Song by Thrice

from the album The Illusion of Safety
- Released: February 5, 2002
- Recorded: July 2001
- Studio: Salad Days (Beltsville, Maryland)
- Genre: Post-hardcore; pop-punk;
- Length: 2:24 3:00 (with interlude)
- Label: Sub City
- Composer: Thrice
- Lyricist: Dustin Kensrue
- Producer: Brian McTernan

Music video
- "Deadbolt" on YouTube

= Deadbolt (Thrice song) =

"Deadbolt" is a song by the American rock band Thrice, featured as the fifth track on the band's 2002 studio album The Illusion of Safety. One of the band's best-known songs, "Deadbolt" is a merger of post-hardcore and pop-punk.

Upon The Illusion of Safety's release, "Deadbolt" was positively reviewed by critics, who commented on its hooks, high energy and technical riffs. It also became a "word-of-mouth hit" for the band and is a heavily requested fan favourite at the band's live performances; while a music video was produced, it was never released as a single. Despite the song's popularity, the members of Thrice generally disliked the song during their initial existence, and resisted playing it live due to the incessant demand for the song at their shows. Over time, the band warmed up to the song's popularity and since Thrice's reunion in 2015 the song has been played more often; the band have even sold t-shirts joking about the popularity of "Deadbolt" as official merchandise.

==Composition and lyrics==
"Deadbolt" has generally been described as a post-hardcore and pop-punk song, and is written in the key of F♯ major with a common time tempo of 135 beats per minute. The song's guitars are dropped to E♭/ Drop D♭ tuning. The song, which lacks a verse–chorus–verse structure, was described by the BrooklynVegan to have call-and-response mannerisms, with Teppei Teranishi's guitar parts countering Dustin Kensrue's vocals and shifting between post-hardcore and pop-punk.

Lyrically, "Deadbolt" is metaphor-heavy and centred around betrayal, temptation and adultery, as well as references to death.
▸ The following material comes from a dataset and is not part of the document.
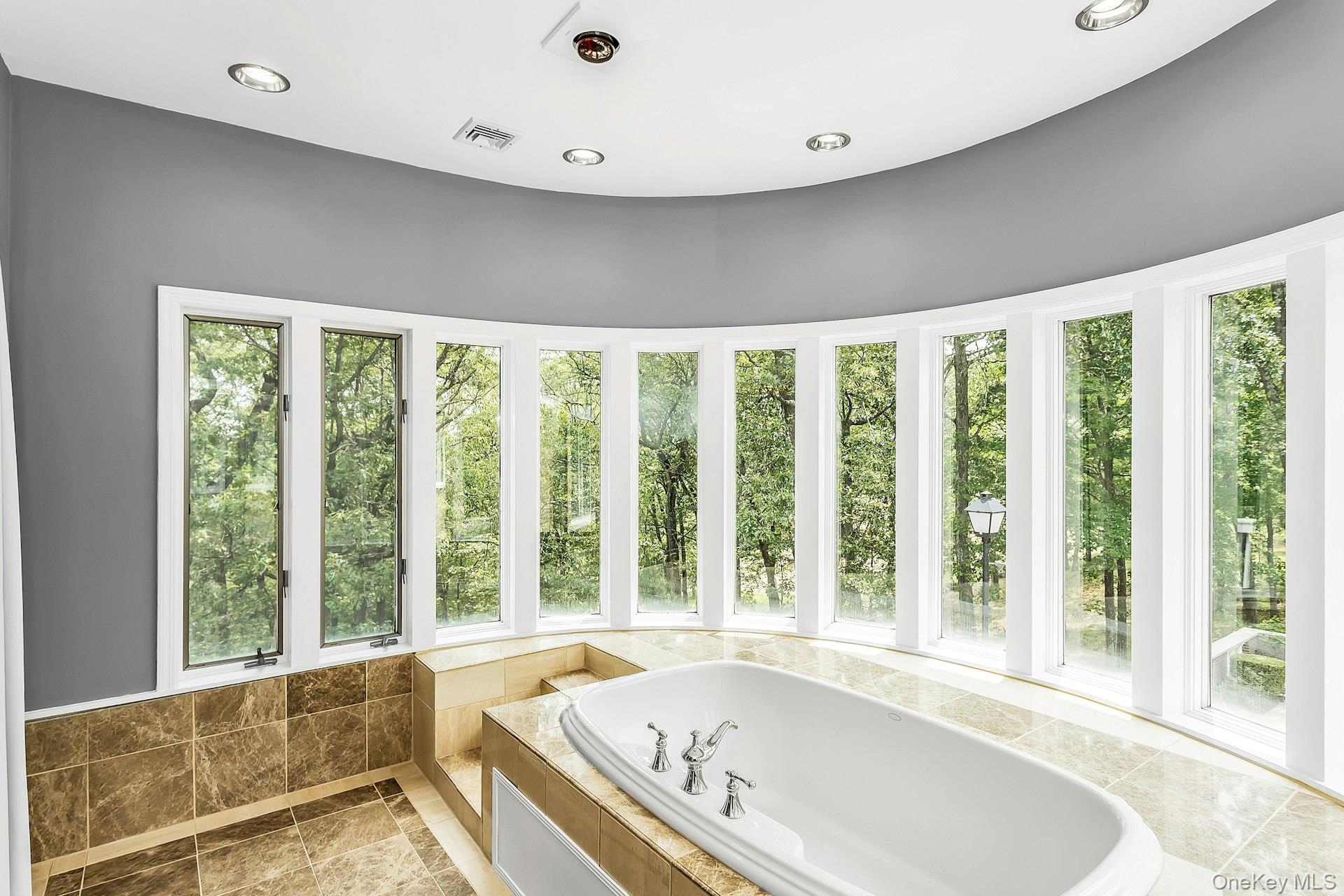 12 Orient Avenue, Northport, NY 11768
The song's chorus ("And she calls from the doorway/Stolen water is sweet/So let's drink it in the darkness/If you know what I mean") contains multiple references to Proverbs 9 (below); which is meant to represent how those who don't understand the consequences of their actions will fall to temptation and suffer for it."Folly is an unruly woman; she is simple and knows nothing. She sits at the door of her house, on a seat at the highest point of the city, calling out to those who pass by, who go straight on their way, “Let all who are simple come to my house!” To those who have no sense she says, “Stolen water is sweet; food eaten in secret is delicious!” But little do they know that the dead are there, that her guests are deep in the realm of the dead."After the song ends at 2:24, a piano interlude plays, leading into the album's next song, "In Years To Come".

==Music video==
A music video for "Deadbolt" was released via the band's website on October 3, 2002. It shows the band performing the song at Chain Reaction, Anaheim, Orange County, on August 30, 2002. The band notified fans on their website ten days prior to the video shooting of the location of the venue so they could participate. The video received regular airplay on JBTV throughout late 2002.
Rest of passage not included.